* _Requirement_: From the entries below, write out exactly the lines between the line holding "spitzer Girls Casual" and the line holding "Haines Small Lantern", inclusive, excluding any pictures.

* _Records shown_:
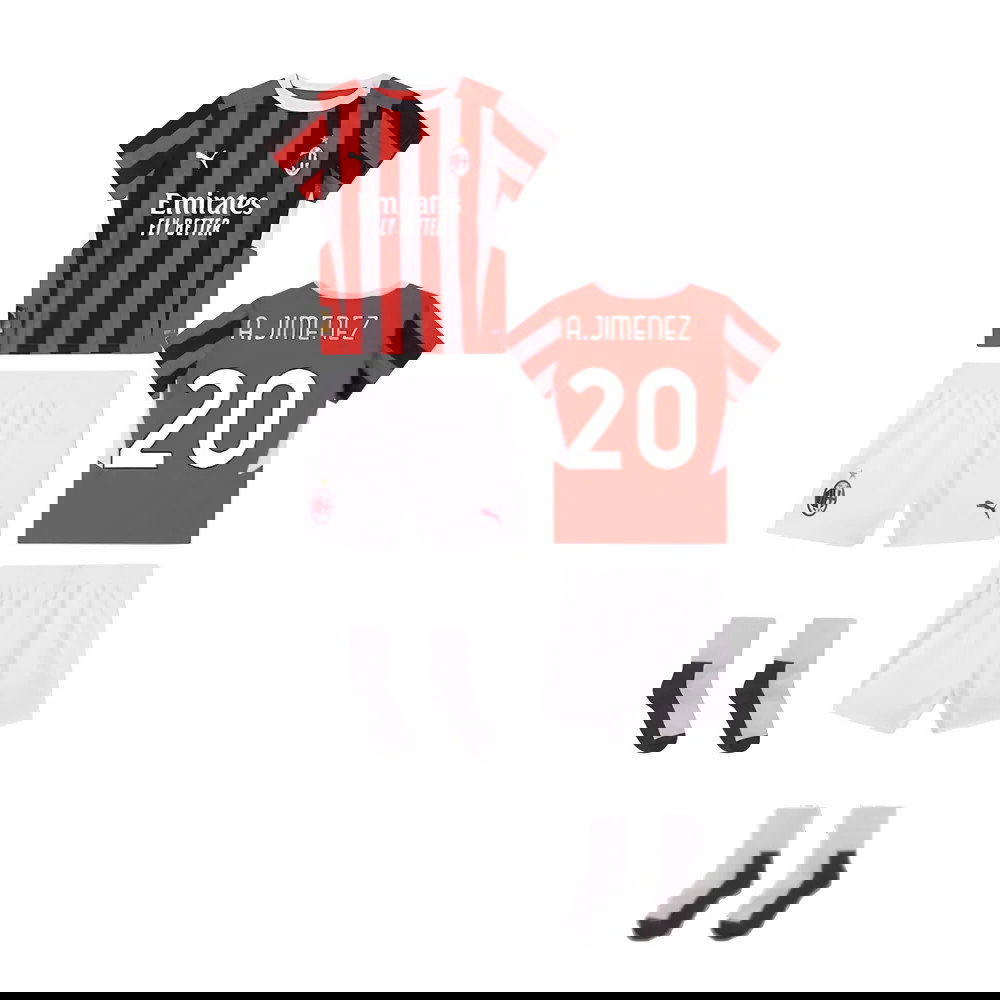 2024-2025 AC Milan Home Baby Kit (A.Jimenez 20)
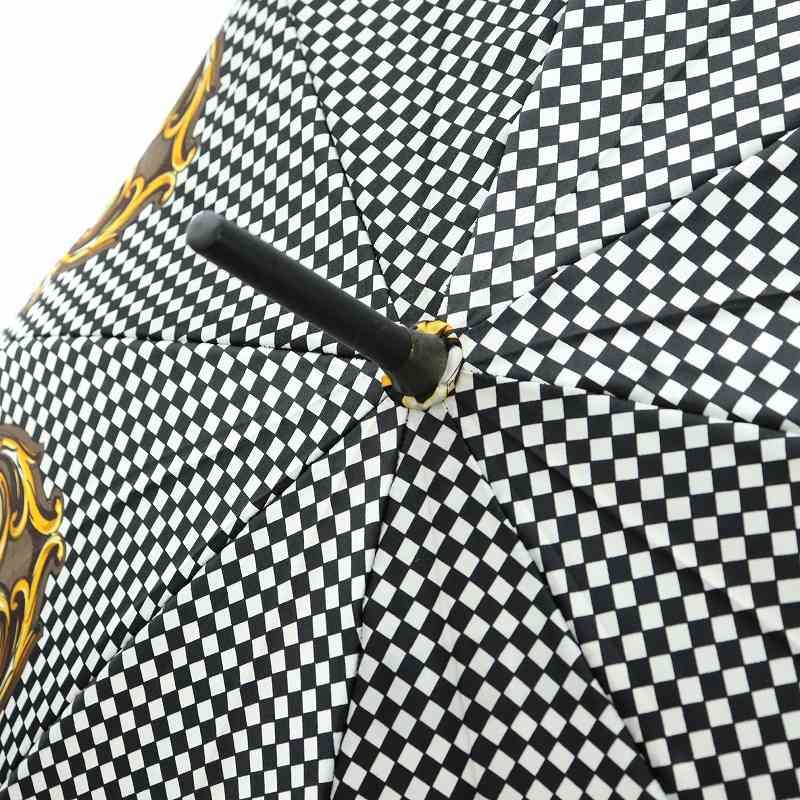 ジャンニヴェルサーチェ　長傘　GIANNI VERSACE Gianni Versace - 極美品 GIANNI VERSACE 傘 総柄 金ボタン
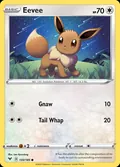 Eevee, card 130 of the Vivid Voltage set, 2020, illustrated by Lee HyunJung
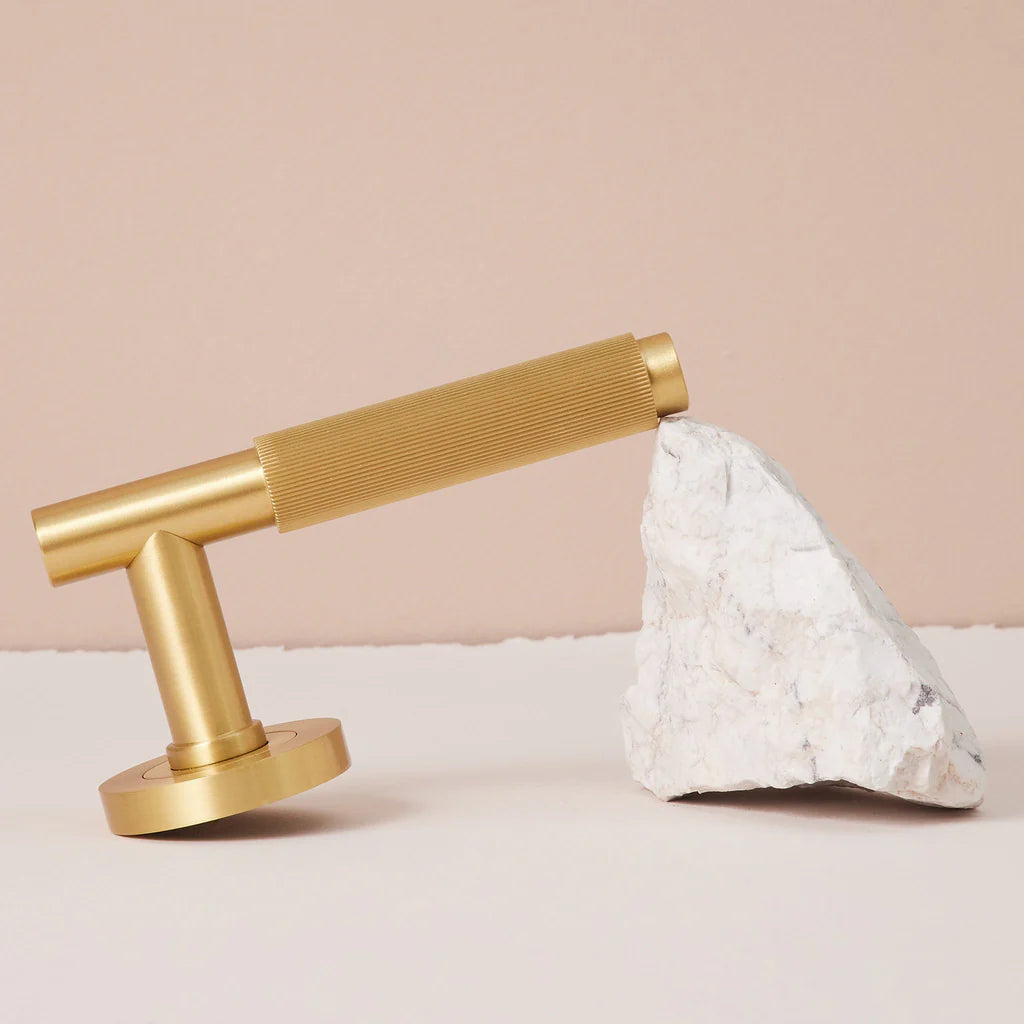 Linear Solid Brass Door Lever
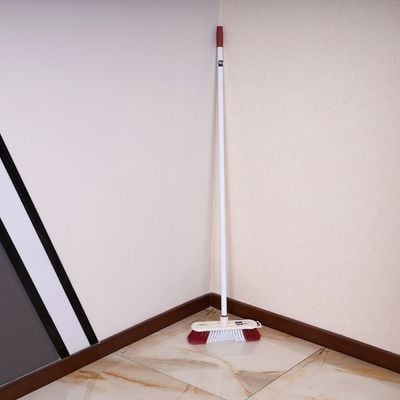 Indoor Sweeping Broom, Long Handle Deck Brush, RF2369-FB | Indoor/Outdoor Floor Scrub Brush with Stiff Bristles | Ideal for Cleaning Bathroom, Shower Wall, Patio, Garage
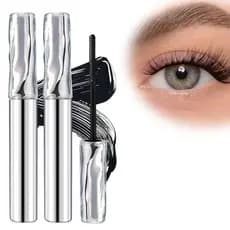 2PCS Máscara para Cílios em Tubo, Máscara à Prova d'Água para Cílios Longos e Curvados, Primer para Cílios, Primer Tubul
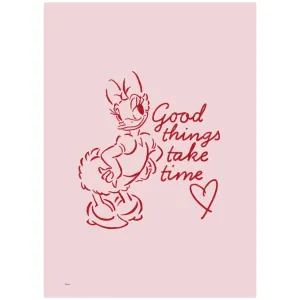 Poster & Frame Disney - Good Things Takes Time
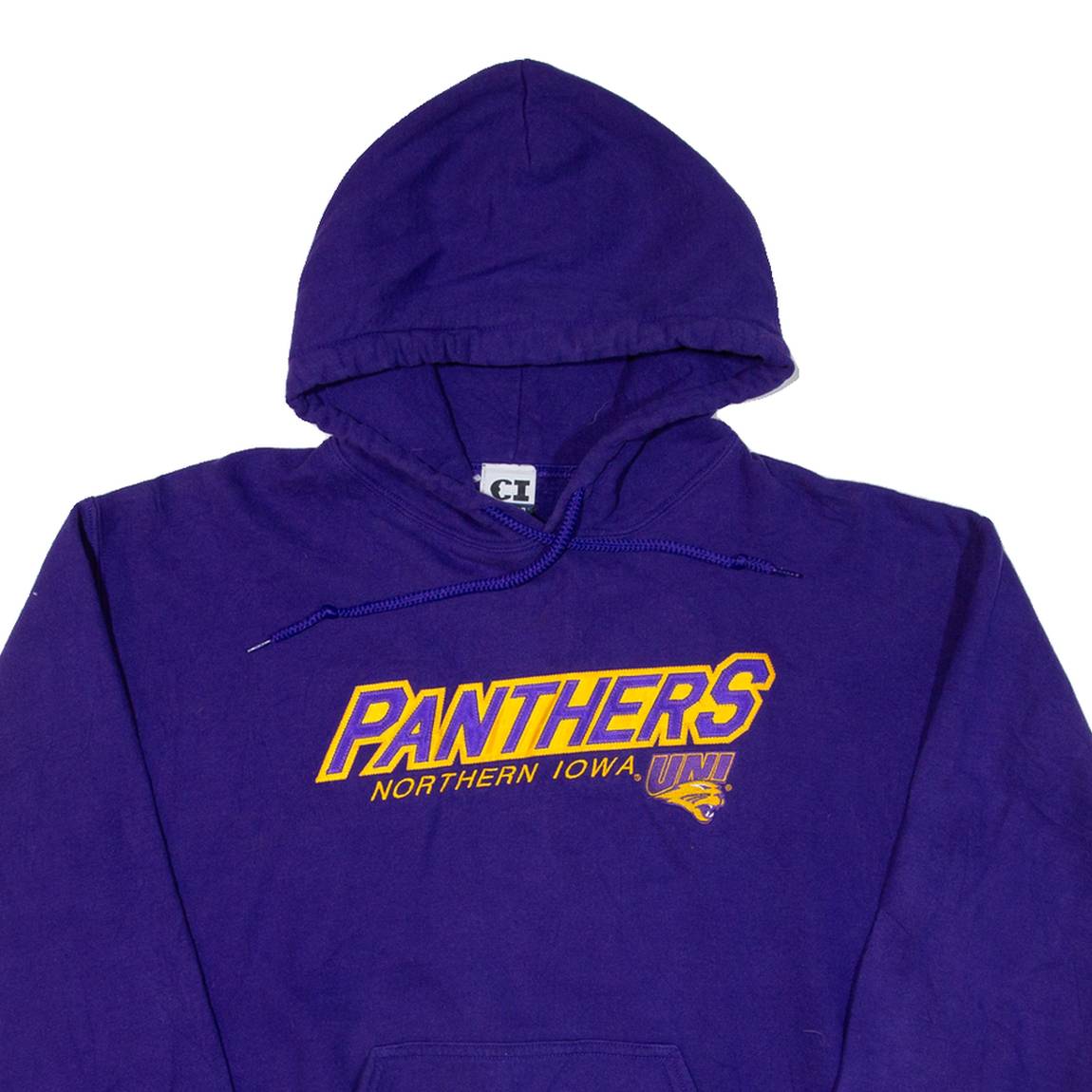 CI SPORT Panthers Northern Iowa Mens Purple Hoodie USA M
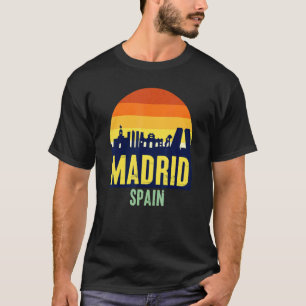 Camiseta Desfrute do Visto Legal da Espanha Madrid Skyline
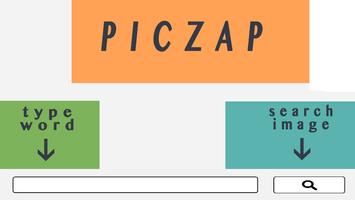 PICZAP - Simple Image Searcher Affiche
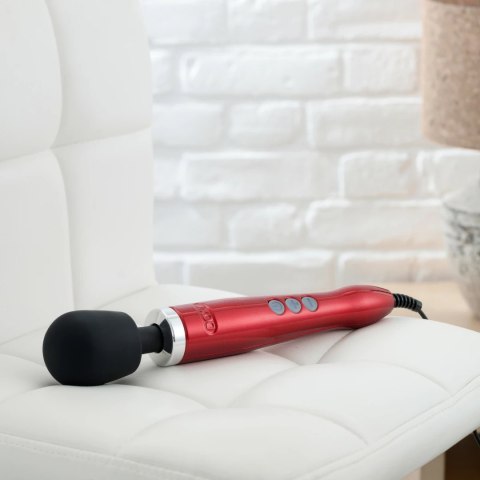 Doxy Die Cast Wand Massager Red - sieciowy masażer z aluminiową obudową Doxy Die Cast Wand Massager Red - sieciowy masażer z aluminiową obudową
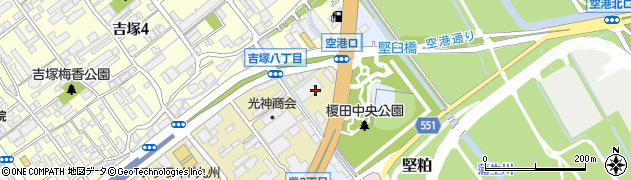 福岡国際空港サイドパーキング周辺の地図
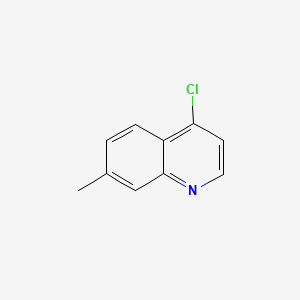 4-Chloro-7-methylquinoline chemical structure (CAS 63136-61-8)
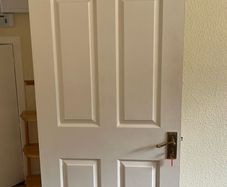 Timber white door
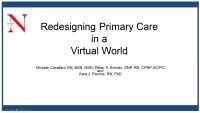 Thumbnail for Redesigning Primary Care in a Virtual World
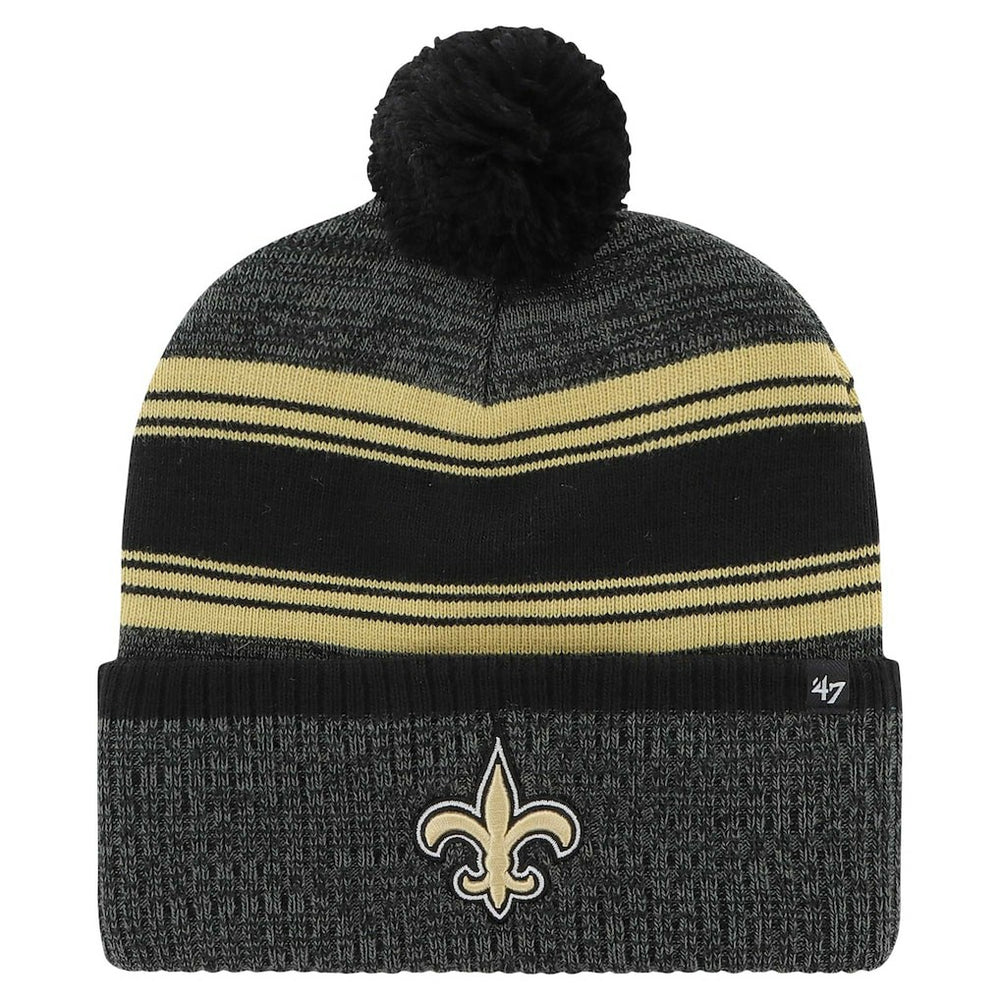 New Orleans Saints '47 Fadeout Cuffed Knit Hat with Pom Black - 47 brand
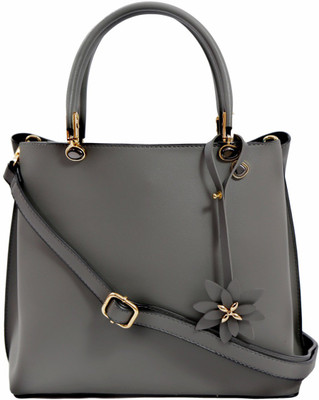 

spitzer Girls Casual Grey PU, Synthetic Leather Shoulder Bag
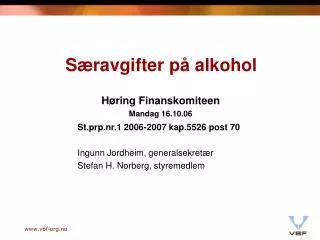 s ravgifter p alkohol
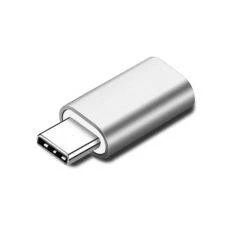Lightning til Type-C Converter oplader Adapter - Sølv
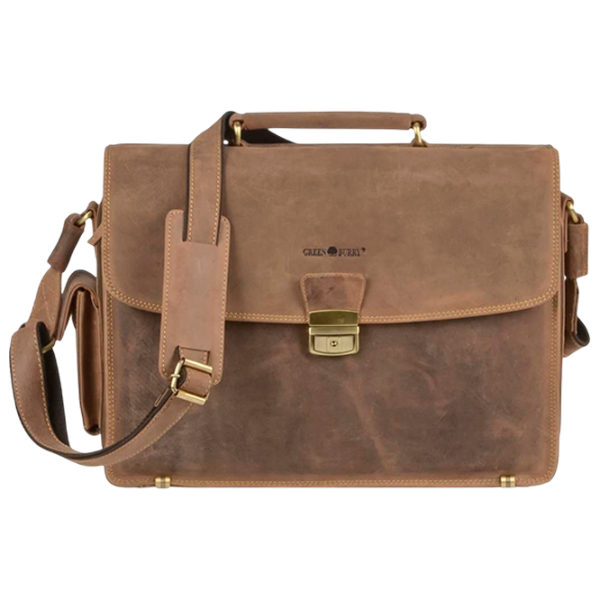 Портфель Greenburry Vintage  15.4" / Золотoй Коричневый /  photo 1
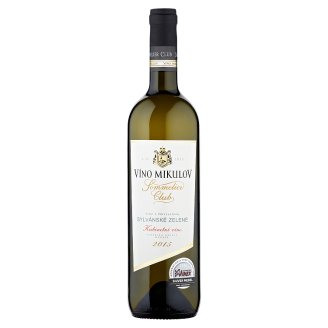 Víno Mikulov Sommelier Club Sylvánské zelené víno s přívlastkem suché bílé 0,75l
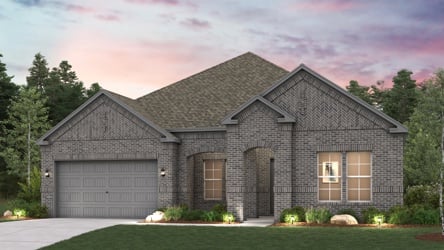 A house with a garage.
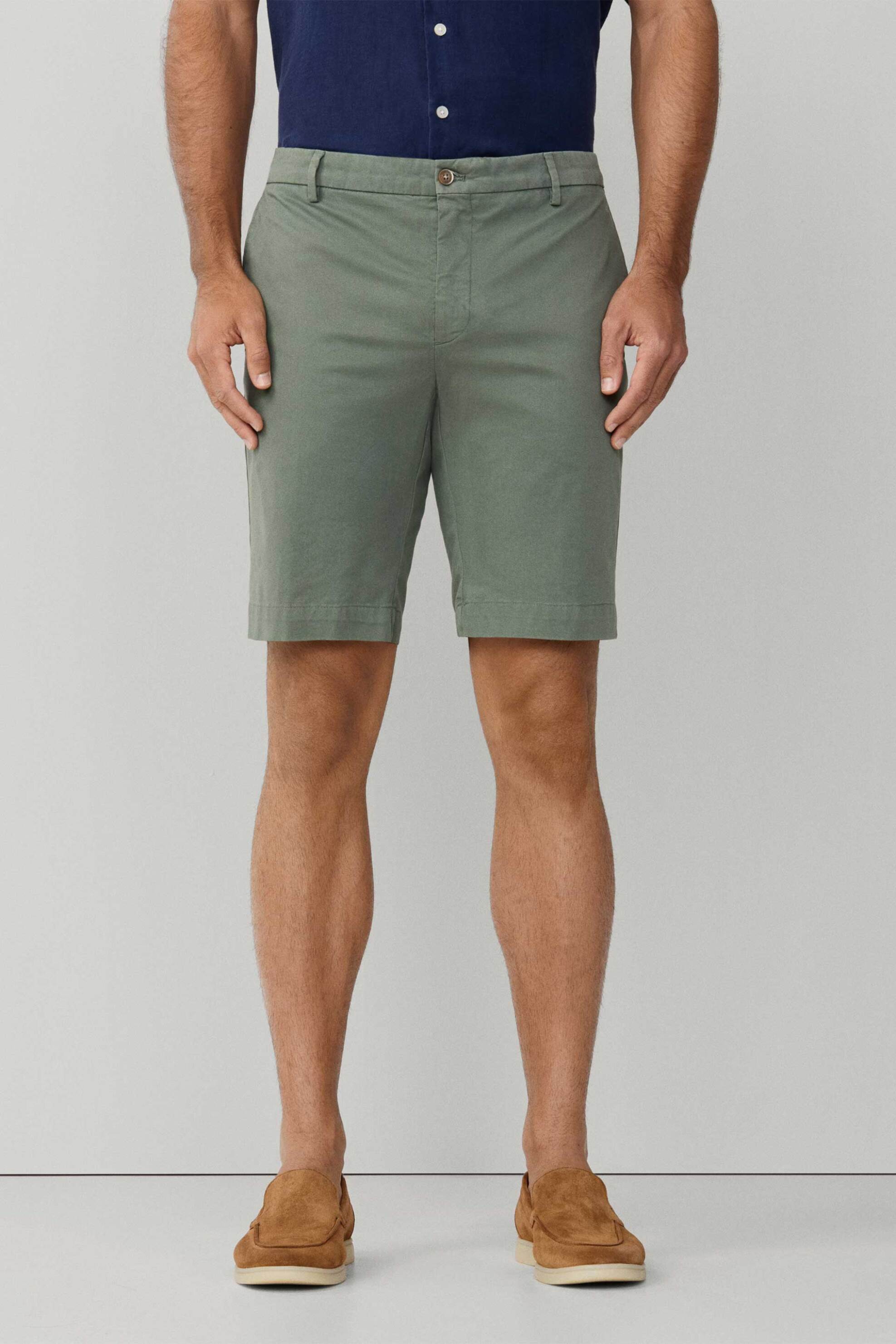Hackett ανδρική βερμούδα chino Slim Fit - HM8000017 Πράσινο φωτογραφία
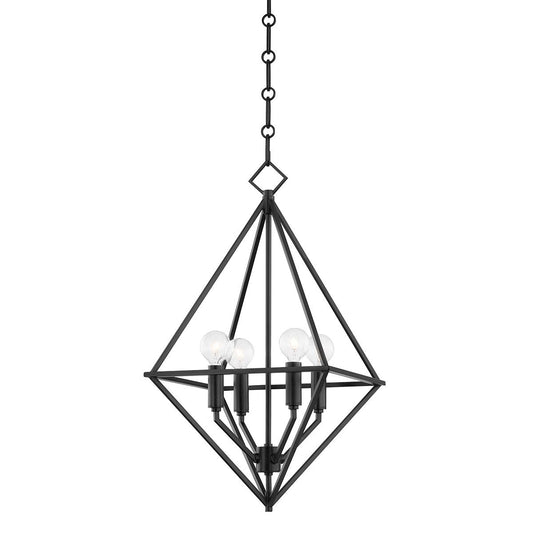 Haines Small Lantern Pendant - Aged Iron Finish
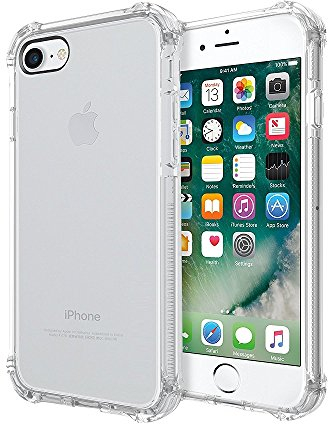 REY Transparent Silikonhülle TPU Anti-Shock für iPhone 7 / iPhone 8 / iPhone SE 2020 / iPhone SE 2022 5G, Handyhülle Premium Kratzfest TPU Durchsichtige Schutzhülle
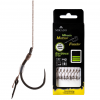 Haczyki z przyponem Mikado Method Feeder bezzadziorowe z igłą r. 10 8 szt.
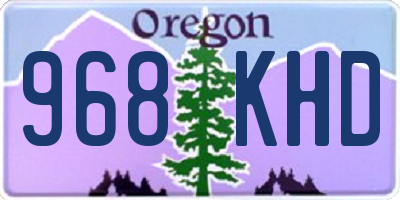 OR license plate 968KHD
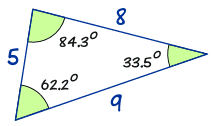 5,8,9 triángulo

* _Written solution_:
spitzer Girls Casual Grey PU, Synthetic Leather Shoulder Bag
 s ravgifter p alkohol
Lightning til Type-C Converter oplader Adapter - Sølv
 Портфель Greenburry Vintage  15.4" / Золотoй Коричневый /  photo 1
 Víno Mikulov Sommelier Club Sylvánské zelené víno s přívlastkem suché bílé 0,75l
 A house with a garage.
Hackett ανδρική βερμούδα chino Slim Fit - HM8000017 Πράσινο φωτογραφία
 Haines Small Lantern Pendant - Aged Iron Finish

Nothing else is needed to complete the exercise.